• **Problem**
Starting at the line that contains "Photo by flpschi" and ending at the line that contains "Eucalyptus Globulus Huile", the lines below are to be given again exactly, with nothing added.

#####

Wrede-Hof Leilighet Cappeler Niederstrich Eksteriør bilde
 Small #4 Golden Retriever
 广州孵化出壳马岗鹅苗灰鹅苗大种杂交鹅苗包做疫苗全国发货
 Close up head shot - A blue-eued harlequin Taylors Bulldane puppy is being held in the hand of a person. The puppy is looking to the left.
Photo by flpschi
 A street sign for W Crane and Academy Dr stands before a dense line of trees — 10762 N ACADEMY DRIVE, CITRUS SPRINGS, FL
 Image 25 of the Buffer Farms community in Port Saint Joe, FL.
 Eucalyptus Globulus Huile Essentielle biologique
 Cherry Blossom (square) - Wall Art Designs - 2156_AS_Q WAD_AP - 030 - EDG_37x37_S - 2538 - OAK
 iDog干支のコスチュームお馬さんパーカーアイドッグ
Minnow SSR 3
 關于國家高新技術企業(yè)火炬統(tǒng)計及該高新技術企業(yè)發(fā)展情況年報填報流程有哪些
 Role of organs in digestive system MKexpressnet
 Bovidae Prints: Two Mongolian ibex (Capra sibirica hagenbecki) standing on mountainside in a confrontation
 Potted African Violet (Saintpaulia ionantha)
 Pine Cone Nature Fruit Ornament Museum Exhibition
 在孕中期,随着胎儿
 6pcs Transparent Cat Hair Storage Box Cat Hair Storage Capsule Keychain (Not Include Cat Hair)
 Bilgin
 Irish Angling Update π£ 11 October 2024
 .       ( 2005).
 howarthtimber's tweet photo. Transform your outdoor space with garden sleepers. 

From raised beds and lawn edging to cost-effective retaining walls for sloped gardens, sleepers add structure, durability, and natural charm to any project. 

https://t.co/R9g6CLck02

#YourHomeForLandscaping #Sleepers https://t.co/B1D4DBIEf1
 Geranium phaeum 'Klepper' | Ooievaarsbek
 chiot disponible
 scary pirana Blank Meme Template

#####

• **Exercise output**
Photo by flpschi
 A street sign for W Crane and Academy Dr stands before a dense line of trees — 10762 N ACADEMY DRIVE, CITRUS SPRINGS, FL
 Image 25 of the Buffer Farms community in Port Saint Joe, FL.
 Eucalyptus Globulus Huile Essentielle biologique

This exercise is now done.